Aim of the exercise => Pictures are not part of the copy. Write out exactly the lines from the line with "Fashion Bread Coat" through the end of the entries below.

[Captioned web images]
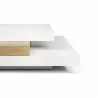 TemaHome Slate 35x35 Coffee Table in Pure White & Oak - Side Detail - TemaHome Slate 35x35 Coffee Table in Pure White & Oak - Side Detail
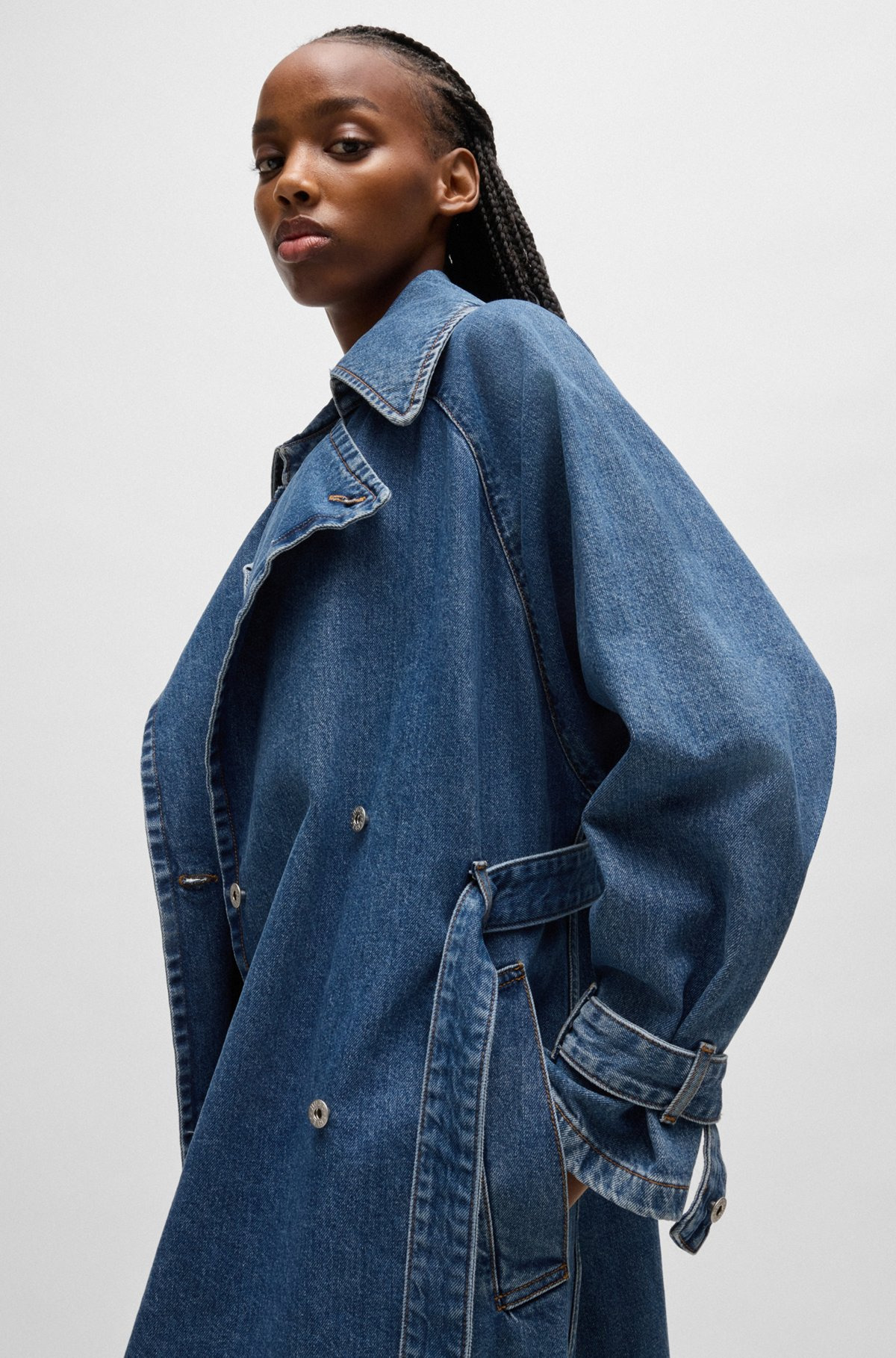 DOUBLE-BREASTED TRENCH COAT IN DARK-BLUE DENIM - 6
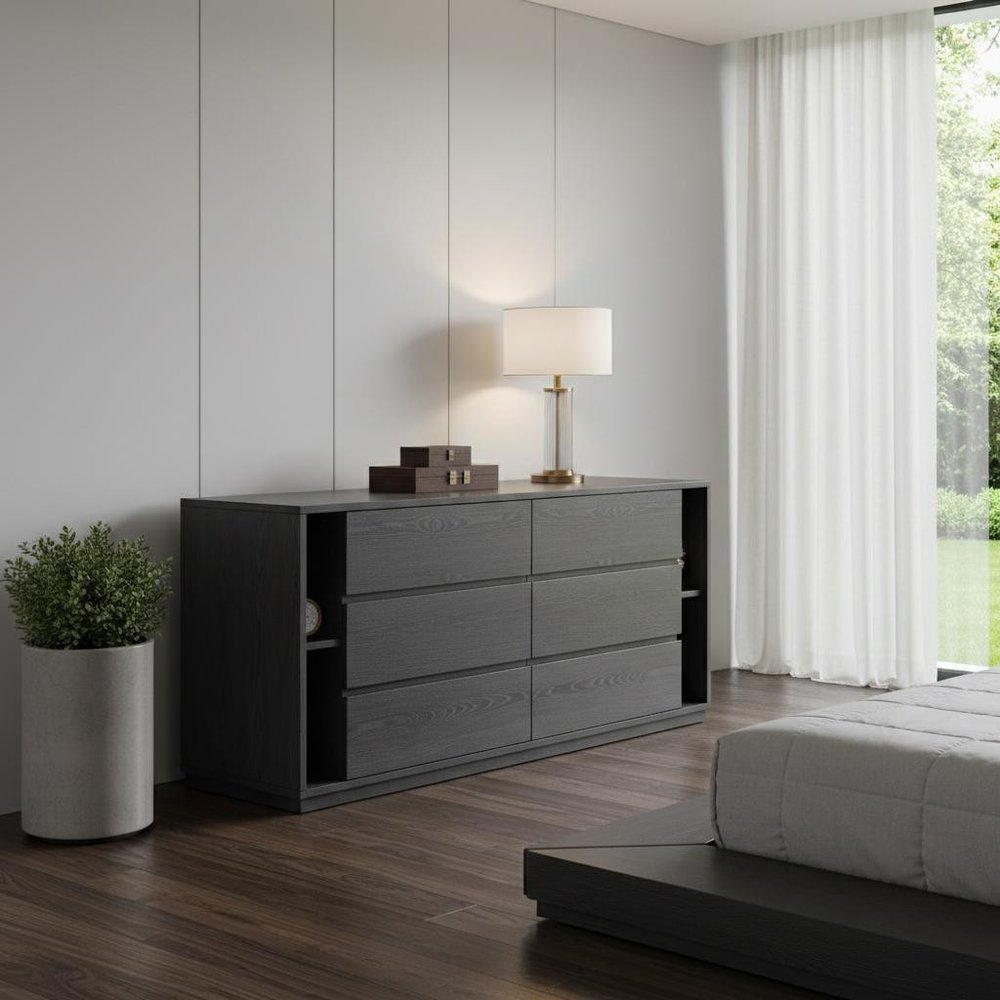 63" Grey Solid Wood Six Drawer Double Dresser HomeRoots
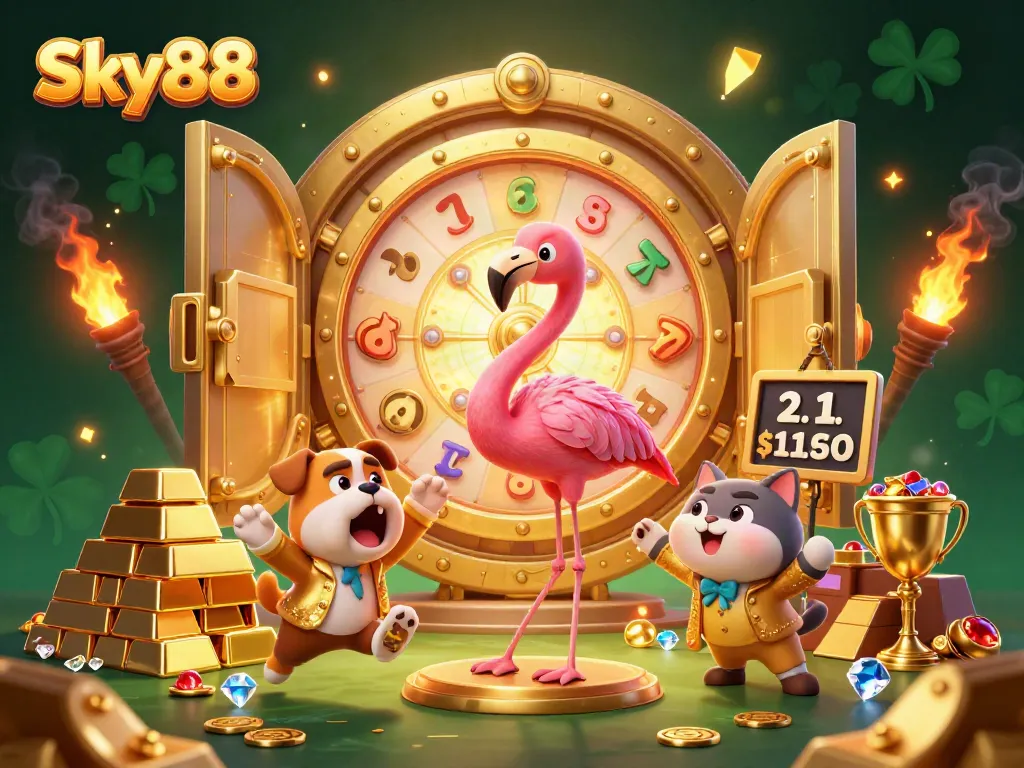 Spin the prize wheel at Sky88 and uncover treasures in a vibrant casino scene.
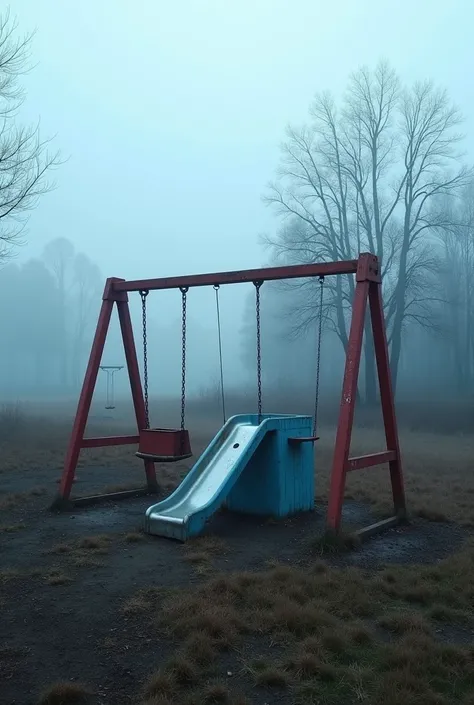 An abandoned playground in the early foggy morning. A swingset and old slide with faded paint. The swingset is red. The slide is blue. The mist wraps the scene in an eerie yet nostalgic ambiance --ar 16:9 --v 6.0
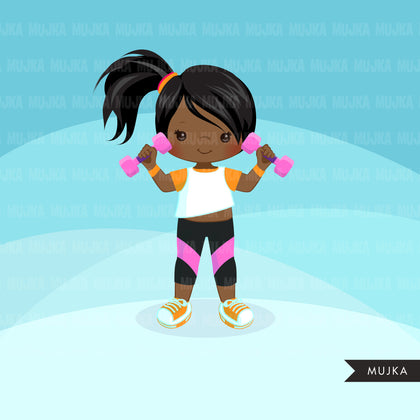 Fitness clipart, sporty girl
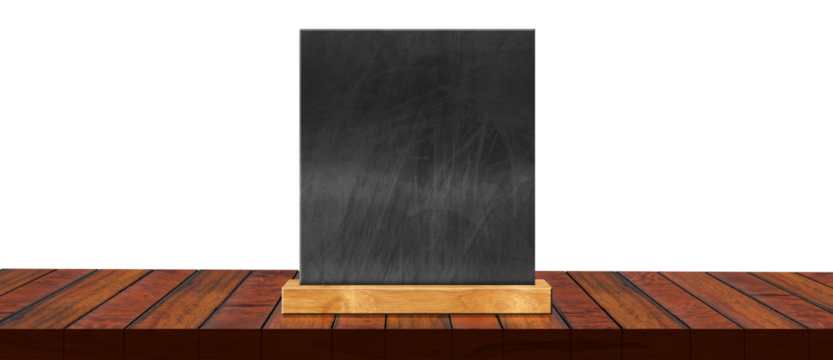 Close-up of an empty wooden table top for products display (kitchen or bar counter) with empty blackboard, isolated on white or transparent background. 3D illustration and photography, png.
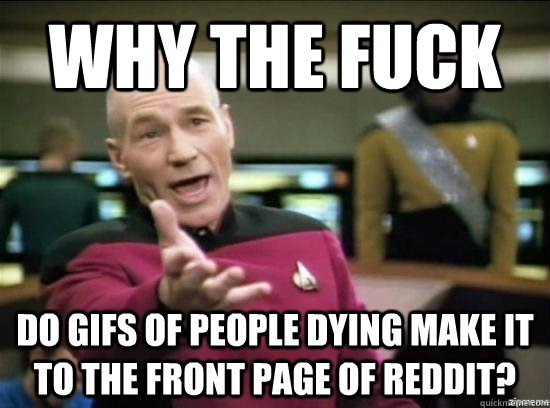 Why the fuck Do GIFs of people dying make it to the front page of reddit?  Annoyed Picard HD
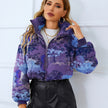 Fashion Bread Coat Women Print Stand Collar Short Coat Winter Jacket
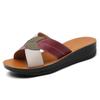 Summer Women Sandals Leather Slope Heel Home Slippers Comfortable Mom Shoes Casual Indoor Outdoor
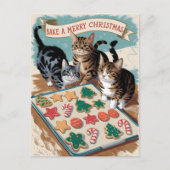 Vrolijk Kerstfeest Schattigee Katten Briefkaart (Voorkant)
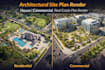 architectural site plan render and real estate plan render, house, commercial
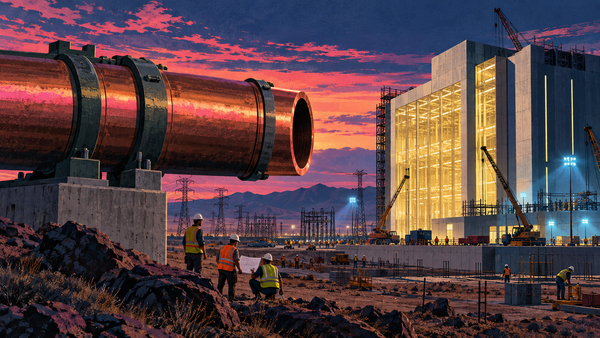Construction workers inspect an unfinished power connection beside a monumental data center in a vivid high-desert dusk landscape.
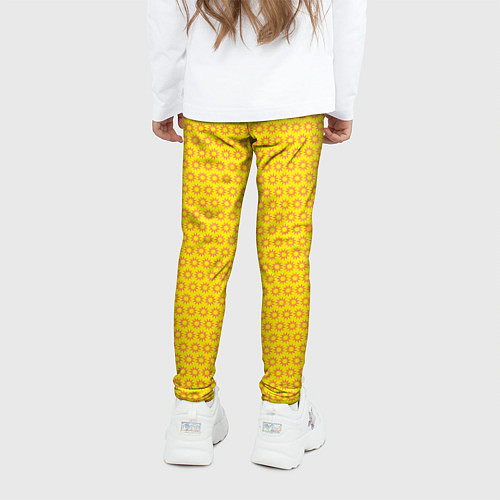 Детские легинсы Паттерн оранжевые колючки / 3D-принт – фото 4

Task solution =>
 Fashion Bread Coat Women Print Stand Collar Short Coat Winter Jacket
 Summer Women Sandals Leather Slope Heel Home Slippers Comfortable Mom Shoes Casual Indoor Outdoor
 Vrolijk Kerstfeest Schattigee Katten Briefkaart (Voorkant)
 architectural site plan render and real estate plan render, house, commercial
Construction workers inspect an unfinished power connection beside a monumental data center in a vivid high-desert dusk landscape.
 Детские легинсы Паттерн оранжевые колючки / 3D-принт – фото 4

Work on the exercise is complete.